Newsgroups: comp.parallel.pvm
From: rff@inf.rl.ac.uk (Ronald Fowler)
Subject: Re: Unexpected problems with pvm_spawn and
Organization: Rutherford Appleton Laboratory
Date: 27 Jul 1995 16:21:41 GMT
Message-ID: <3v8eel$1uek@unixfe.rl.ac.uk>

In article 1HM@cerc.wvu.edu, ericd@backus (Eric Dye) writes:
>Gordon Hogenson (ghogenso@u.washington.edu) wrote:
>: I'm having some trouble with a new installation of PVM 3.3.7.  I have
>: it installed on two machines, a SUN4 and and SGI5. Specifically,
>: the SGI is an IRIX 5.2 Indigo^2 and the SUN is SunOS 4.1.4. My program
>: (see below) is run (started from the shell prompt) on the SUN4, 
>: and spawns 1 process on the SGI5.
>
>: The first problem is that pvm_spawn always returns 0 on the first call,
>: (with -7 returned in the tids array), but on the second call it
>: returns 1 as expected and the 'tid' of the spawned task is correct.
>
>: Furthermore, the program calls pvm_joingroup().  The parent process
>: gets a return value of 0, as expected.  But for some unknown reason,
>: the spawned process on the SGI gets a return value of 11, whereas I
>: would have expected it to be 1.  The documentation says that it
>: counts upward and that the return value is the first unused id.  Why
>: '11' then?  Is the return value supposed to be an arbitrary number
>: or is this a bug?
>
>: Here's the program (same program on both machines):
>

[ code deleted]

>: Calling pvm_spawn again (as in the code) always solves this problem.
>
>: The remote output however shows that pvm_group is returning 11, not 1,
>: the next consecutive number available.
>
>: [t80040000] [t8001b] me = 11 mytid = 524315
>: [t80040000] [t8001b] tids[0] = 0; tids[1] = 0
>: [t80040000] [t8001b] Waiting for everyone to start up.
>: [t80040000] [t8001b] pvm_barrier returned 0
>
>: The above was found on the local machine in the /tmp/pvml.XXX file.
>
>: Expected output:
>: [t80040000] [t8001b] me = 1 mytid = XXXXXXX
>
>: Any suggestions?  Other programs such as spmd.c provided with PVM,
>: work fine.  "hello"/"hello other" work but usually not on the first
>: try.  I.e., invoking "hello" once fails, twice it works.
>
>: Other possibly useful information:
>
>: % pvm
>: pvmd already running.
>: pvm> conf
>: 2 hosts, 1 data format
>:                     HOST     DTID     ARCH   SPEED
>:                      t13    40000     SUN4    1000
>:                 t13graph    80000     SGI5    1000
>: pvm> 
>
>
>I am fairly new to PVM but I think I am having problems similar to 
>Gordon.  I am running PVM on a SUN4 and SUNMP.  When running the
>example programs several of them worked every other time.  I also
>tried a quicksort.c program which I found on one of the PVM pages.
>It also works every other time.  What I have found is that if
>I only use the SUNMP as my virtual machine then the programs work
>fine.  If the SUN4 is the only machine then they never work (give
>wrong answers on some programs and sometimes lock-up on others).  In most 
>cases I use the same code for both architectures.  How can I find out 
>what's going wrong when running on the SUN4?  Also I am having trouble
>printing inside a spawned task, what is the easiest or best way to
>do this?  Thanks.
>
>Eric Dye
>Morgantown, WV
>ericd@cs.wvu.edu

Well, just for contrast, I have pvm3.3.6 and seem to find that
SGI5 and SUN4 work fine, and SUNMP works for tasks on just SUNMP,
but communication SUNMP to SGI5 or SUN4 usually fails, often
just hanging in the first send/receive.
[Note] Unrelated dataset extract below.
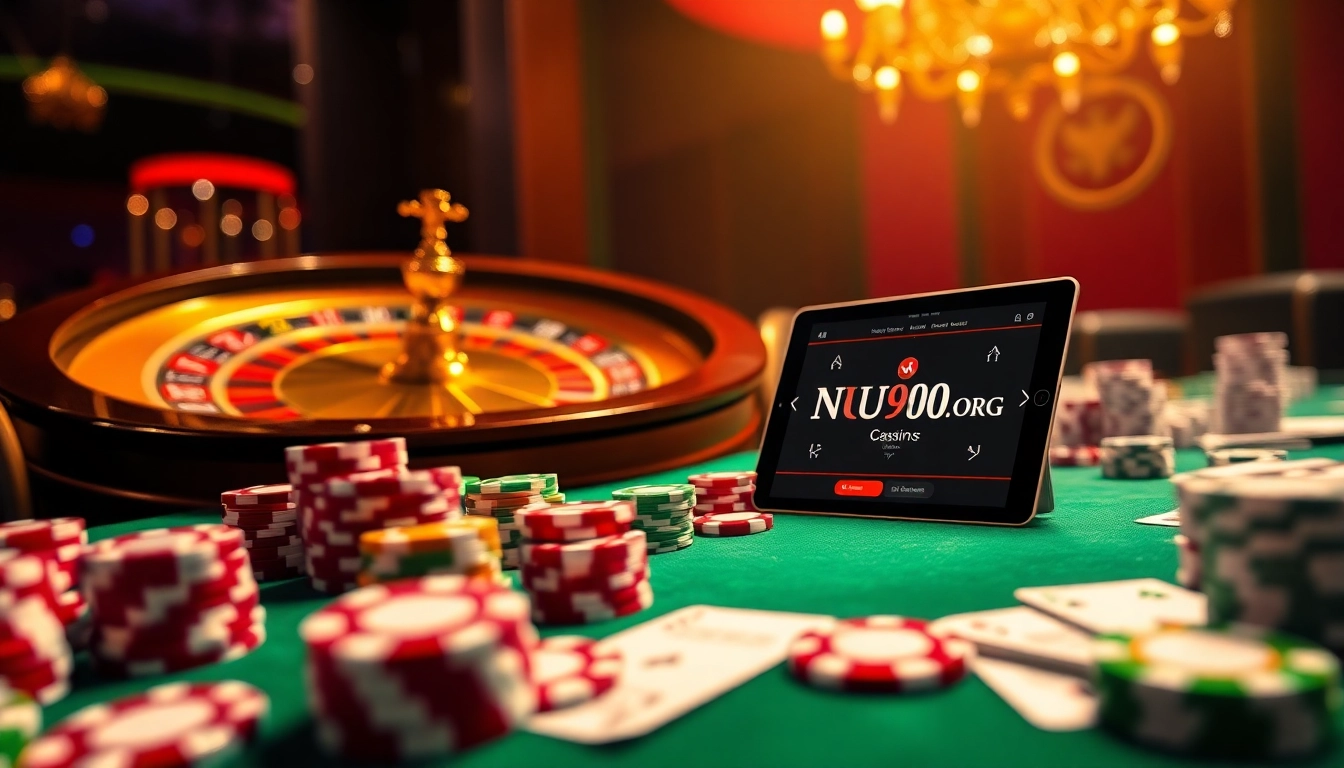 Nohu900.org players engaging with exciting casino games, showcasing high-stakes betting and vibrant poker chips.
I tried pvm3.3.7 on just the
SUNMP (with 3.3.6 on the SUN4), and that seems to cure it, at least
my simple round trip message passing loop SUNMP->SUN4 and back,
though the "testall" example code still fails trying to delete a host.
But should I risk upgrading the SUN4 and SGI5 to 3.3.7?

As I expect you know, the "working every other time" feature is most
likely due to the odd way pvm does its task placement.

Ron Fowler